Semifreddo Sci-Fi

I would like to begin by saying that there is a special section of Purgatory reserved for those overly impressionable souls who publicly self-identify with Ender from Ender's Game. For every statement that Battle School was "just like" their elementary school, five years of enforced meditation on the wholly murder-free nature of their kindergarten days. For all its wonderful qualities, Ender's Game has always seemed to me to be just a bit overboard in its estimate of the psychological and emotional maturity of kids in their single-digit years. And for all its at-times awful qualities, the misuse most bright kids get at the hands of bullies and pressuring authority figures is still in a fundamentally different category than what Ender goes through. Almost by definition, anyone who survives childhood in a position to be able to draw comparisons between themselves and Ender really hasn't had to deal with all that much. The Ender analogy is an act of almost Dostoyevskian self-aggrandizing self-pity, crying out for understanding and sympathy because the poor tormented soul is just too sensitive to handle the massive burdens the world has to bear, too brilliant to be allowed to walk away from them.
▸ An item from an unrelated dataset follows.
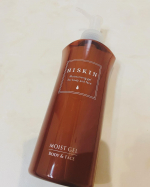 .今回、ご縁がありハイスキンモイストジェルNをお試しさせていただきました！今までもワセリンを使用していましたが、唯一気になるのが塗った後のベタつき🥺保湿力は抜群なので使用していました。今回&hellip;のInstagram画像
To continue, though, there is a certain relationship between Ender's Game and its first sequel, Speaker for the Dead. I don't mean simply "the sequel is worse." There's room enough later in the series for that, particularly in the most recent, Ender's Shadow, which reads like a weak retread of the original, perhaps because it is a retread of the original, told from a different and less interesting point of view. Ender's Game was tightly focused, closely tied to the Earthers' view of a terrifying Other, set in confining environments and with a spare and stunning progression towards its deep moral humdingers. Speaker for the Dead comes after, but it also opens that scope outwards, temporally and geographically, follows multiple characters in what is a more complex interpersonal drama on something of a slightly more epic scale. It poses the same moral issues, but throws new ones into the mix, as well. In essence, it has larger ambitions, and for that reason, perhaps loses the keening pinpoint fire of the first's laser intensity.
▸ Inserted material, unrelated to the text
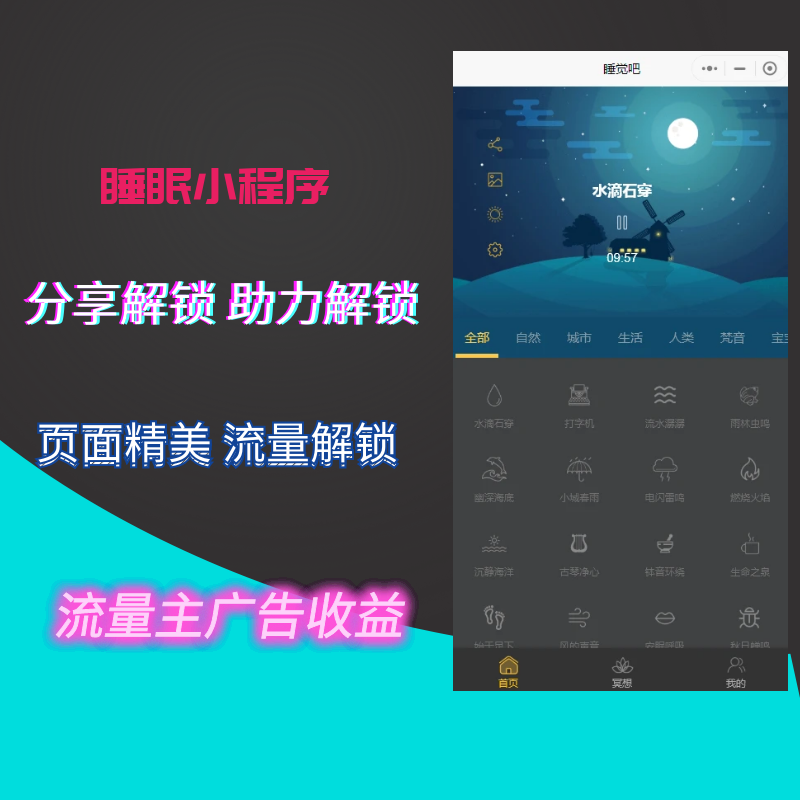 晚安睡眠小程序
This is exactly the relationship between Mary Doria Russell's two works of science fiction (an anthropologist by training, she is a mid-life convert to sci-fi authordom): The Sparrow and Children of God. The former is one of, if not the best, first-contact tales I've ever read. Inspired by the 500th anniversary of 1492, she makes the novel a meditation on the experiences of those involved in our own planet's most memorable first-contacts, as translated into space for narrative convenience. It's a wild idea, sending off a Jesuit mission as humanity's first (secretively-sent) ambassadors to see what they make of the experience, and Russell pulls off this odd choice, makes it necessary to the deeper workings of her plot. She drives at cross-cultural misunderstandings without demonizing any particularly short-sighted view, sets up a terrible theological and personal conundrum, and is absolutely, utterly, completely and totally merciless in driving her unsuspecting characters into it. The conclusion is quite literally terrible, unswavering in its stripping down of that word to the terror at its core. Children of God, follows on in exactly the same way as Speaker for the Dead: broader, following more plot strands, more ambitious, more assertive in exploring more themes -- and in the end, it falls short of The Sparrow by the same two feet and three inches that Speaker for the Dead falls short of Ender's Game. There are more flavors in the broth, but it has cooled enough not to sear.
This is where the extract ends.